→ **Assignment**: For the records below, print the lines from the line with "Exemple de decoration" through the line with "تاکید عراقچی بر" exactly as written; include both end lines and exclude the rest.

##### Data to examine #####

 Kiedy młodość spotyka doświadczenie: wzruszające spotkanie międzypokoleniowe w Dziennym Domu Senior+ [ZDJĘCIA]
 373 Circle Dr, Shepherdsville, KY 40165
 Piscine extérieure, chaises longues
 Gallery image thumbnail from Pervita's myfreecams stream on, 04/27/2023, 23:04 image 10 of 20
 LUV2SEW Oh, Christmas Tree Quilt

#####
##### Data to examine #####

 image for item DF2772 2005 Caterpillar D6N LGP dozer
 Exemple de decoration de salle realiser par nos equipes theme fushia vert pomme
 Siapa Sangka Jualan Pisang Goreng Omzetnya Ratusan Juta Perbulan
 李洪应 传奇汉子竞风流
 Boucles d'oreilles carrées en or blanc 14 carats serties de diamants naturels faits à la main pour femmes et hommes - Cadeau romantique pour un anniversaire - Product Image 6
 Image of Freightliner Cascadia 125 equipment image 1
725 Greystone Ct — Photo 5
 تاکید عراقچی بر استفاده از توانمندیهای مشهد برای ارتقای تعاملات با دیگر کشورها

#####

→ **Solution for this exercise**:
 Exemple de decoration de salle realiser par nos equipes theme fushia vert pomme
 Siapa Sangka Jualan Pisang Goreng Omzetnya Ratusan Juta Perbulan
 李洪应 传奇汉子竞风流
 Boucles d'oreilles carrées en or blanc 14 carats serties de diamants naturels faits à la main pour femmes et hommes - Cadeau romantique pour un anniversaire - Product Image 6
 Image of Freightliner Cascadia 125 equipment image 1
725 Greystone Ct — Photo 5
 تاکید عراقچی بر استفاده از توانمندیهای مشهد برای ارتقای تعاملات با دیگر کشورها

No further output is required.